In an event brimming with gnarled campaigners - from poor Jim Leighton, 40 next month, to thirty-somethings such as Hagi, Stoichkov and Bergomi - the Germans have both the oldest outfield player in the 37-year-old Lothar Matthaus and the highest average age at almost 30.

While that does not put Berti Vogts' squad in quite the same bracket as Overath's greying band, Germany have still to banish the suspicion that the weary-limbs factor may counter-balance the benefits of experience as the matches become ever more intense.

Thursday's 2-0 defeat of Iran, which ensured that the European champions would stay at the Stade de la Mosson for tomorrow's second-phase meeting with Mexico, divided those watching. To some, it was an archetypal German victory. Unspectacular as they were, they mustered just enough might to finish off feisty but physically unimposing foes.

The alternative school saw confirmation of the view that this may prove a tournament too far for some of Vogts' elder statesmen.

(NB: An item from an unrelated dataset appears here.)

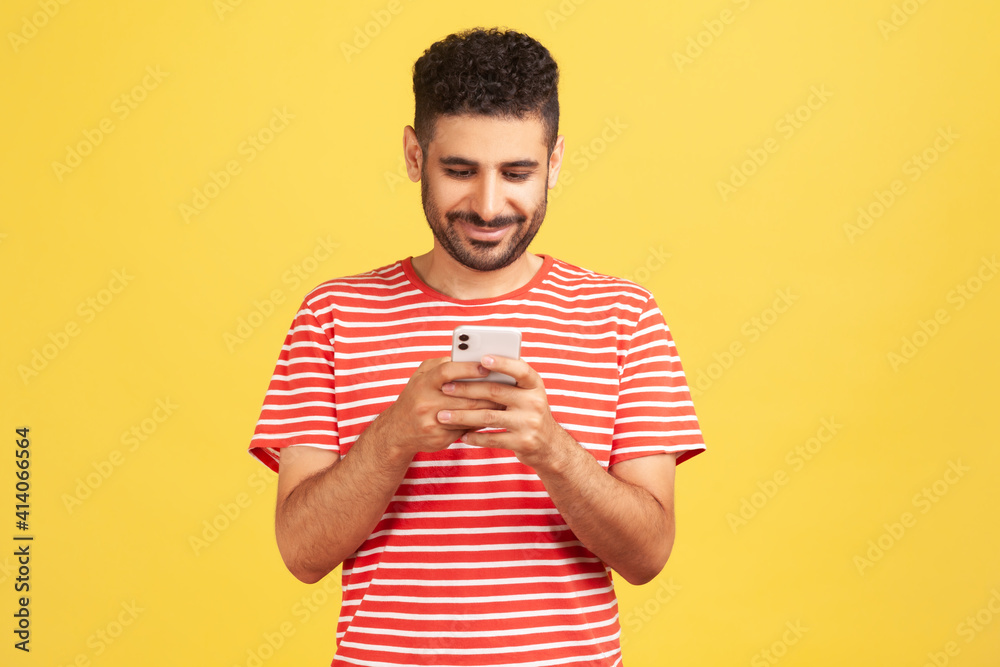 Smiling happy bearded man in striped t-shirt texting on smartphone, chatting in social networks or having online conversation in messenger. Indoor studio shot isolated on yellow background Smiling happy bearded man in striped t-shirt texting on smartphone, chatting in social networks or having online conversation in messenger. Indoor studio shot isolated on yellow background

Intriguingly, 16 of their 22 in France were born in the 1960s, twice as many as the host nation, Italy or the Dutch. In theory, these stalwarts of Italia 90 are all steeped in Germany's big-match mentality; the conviction that team-work, within a tight, disciplined formation, will grind down the strongest of rivals. In practice, however, there was evidence to nurture the belief that even if Luis Hernandez and his fellow Mexicans do not rumble them, there are bigger, better teams who will.

The 36-year-old goalkeeper Andreas Kopke, for instance, went down in instalments for the low cross which led to Yugoslavia's second goal. Although Germany went on to retrieve a seemingly lost cause, for an hour they were overrun by younger, sharper opponents. Iran, too, troubled them with their fluid counter-attacks in the face of which Jurgen Kohler, now 32, no longer resembled a rock.

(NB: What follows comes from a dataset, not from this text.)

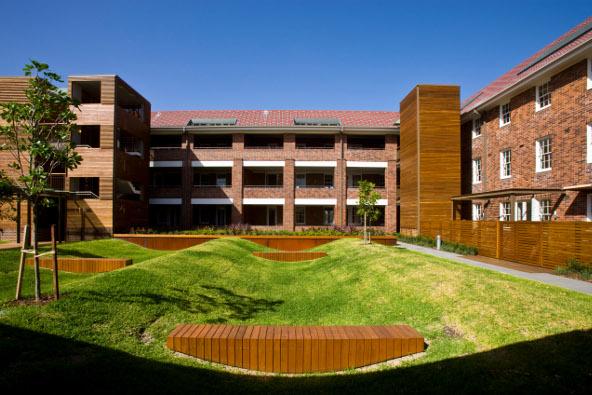 a building with a lawn and a park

Two players rose above the mundanity. One was Matthaus, winning his 126th cap in his fifth finals and proving he still performs the constructive side of the libero's role better than Olaf Thon. Paradoxically, he showed the fewest signs of waning powers, although whether he can duplicate the box-to-box dynamism of Matthias Sammer remains to be seen. The other significant contributor was Oliver Bierhoff. A mere stripling of 30, the Milan-bound striker headed the first goal and made the second, giving credence to the notion that he, rather than Jurgen Klinsmann, is Germany's best hope of enhancing their awesome World Cup record. Vogts must pray that the one-time Blackburn target, whose mobile muscularity would have been perfect for the Premiership, avoids injury and suspension.

For all the protestations of unity between traditional adversaries such as Matthaus and Klinsmann, the coach let slip after the Iran game that he had to "calm the players down at half-time". Tellingly, it was only after he replaced Thon with Matthaus and put younger legs into midfield that Germany took control.

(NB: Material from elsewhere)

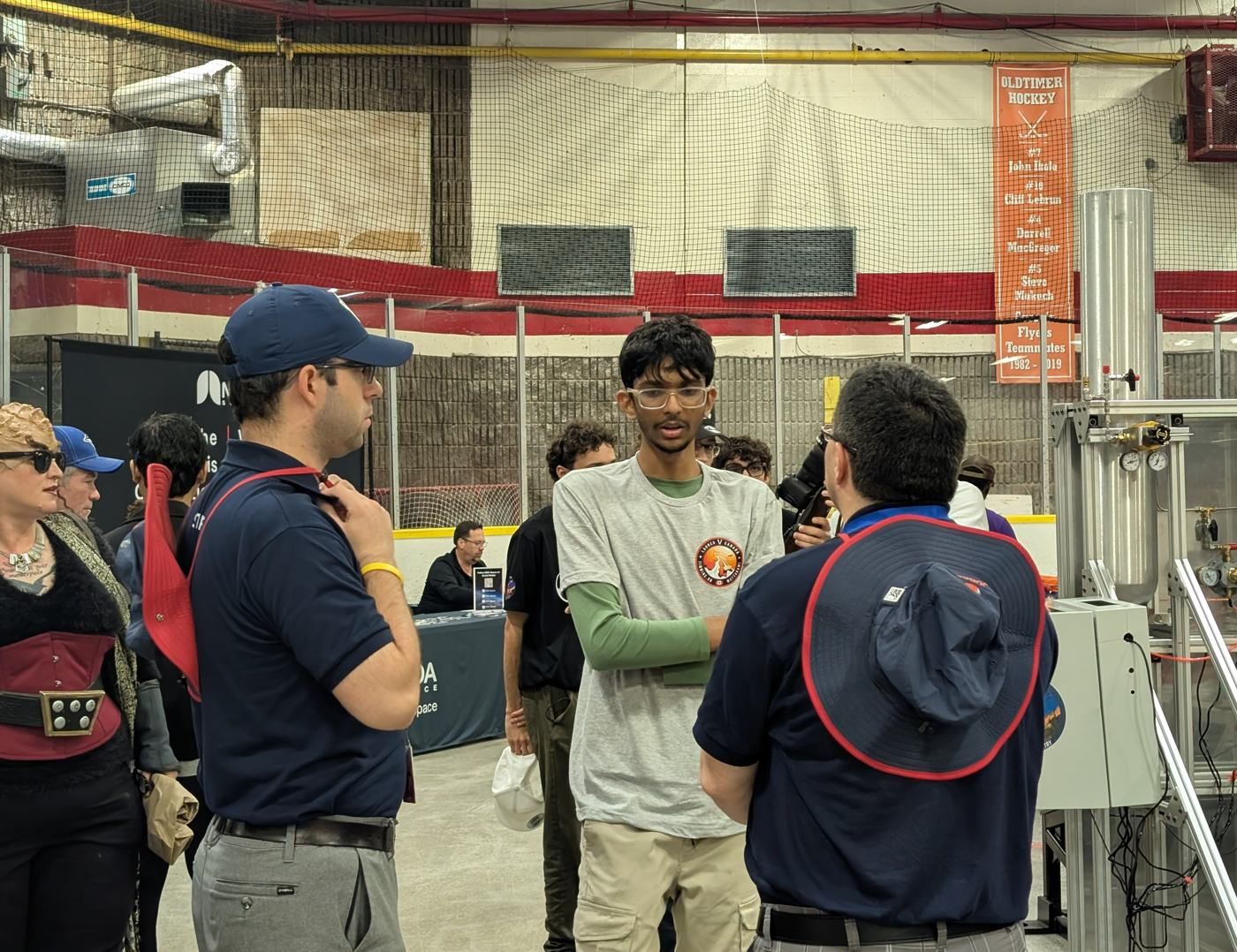 A member in a team shirt talking with people at the conference hall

Yet while Klinsmann brushed past waiting media men, apparently in a huff, Bierhoff paused to claim that Germany drew strength from the "exaggerated criticism" following "one bad game" against Yugoslavia.

"At the moment we're playing like individuals," Bierhoff admitted. "But we've been having talks so that we can come together more as a team. There is no perfect team in this tournament, just teams improving with each match. We are one of them and there's no doubt in our minds that we can win the World Cup again. Before taking on Mexico in heat likely to test even their fabled stamina, Germany are back (some might say appropriately) among the rich and retired of Nice. Their hotel is a pounds 300-per-night Romanesque chateau, the kind of place Klinsmann would have had to give a miss in his back-packing days.

Everything is in the best possible taste apart from the peculiar idealised canine portraits adorning the walls. Many Germans believe that the tail, in the form of a clique of veterans comprising Klinsmann, Kohler and Andy Moller, is wagging the dog, as represented by Vogts. Maybe the decor is apposite after all.